Shortly before she turned eighteen in 1825, when she became a student at the Hartford Asylum for the Deaf and Dumb (now called the American School for the Deaf). It had been founded in 1817 by Revered Thomas H. Gallaudet, Dr. Mason Fitch Cogswell and others, to expand the French system of education for the deaf begun by Abbe Sicard.
Through the 1820s and 30s, there was little attempt to educate Brace in reading and writing beyond manipulating wooden letters and pins on a cushion to produce words and learning to associate words with objects. She did, however learn tactile signing.

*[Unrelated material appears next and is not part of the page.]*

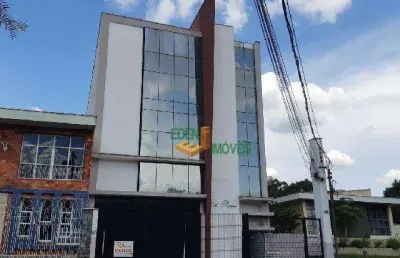 Prédio comercial com 706,32 metros quadrados, 3 pavimentos, elevador, à venda ou locação na avenida ademar de barros, vila trujillo, sorocaba/sp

But attitudes toward her change in 1828 after Lydia Sigourney, a Hartford poet and educator published Brace’s story and wrote about her in three poems in the 1830s. In 1837, Hartford Asylum principal Lewis Weld wrote at length about Brace in the annual report, which also published a former matron’s recollections of Brace’s time there.
Around that time, Dr. Samuel Gridley Howe, superintendent of the Perkins Institution and Massachusetts Asylum for the Blind, visited the Asylum and began to teach Brace. He left and returned in the autumn of 1841, with Laura Bridgman, who had been his student for four years since age seven. Bridgman had become deaf and blind after contracting scarlet fever at two. She and her family, like Brace’s, developed rudimentary sign language to communicate Dr. Howe brought her to the Perkins School for the Blind when she was seven. At the Institute, Howe taught her English and after she had mastered that, added many other classes, including geography, arithmetic, history, physiology, philosophy, and history.
Seeing Bridgman’s progress, Sigourney urged him to perform a similar experiment with Brace. How was pessimistic about the attempt as Brace was now nearly thirty-five. Despite his hesitations, Brace enrolled in the Perkins Institute in 1942 and began to learn to read. In his 1842 report, Howe that while Brace was willing and able to learn, and could construct simple sentences, her decades-long use of sign language proved to be far easier.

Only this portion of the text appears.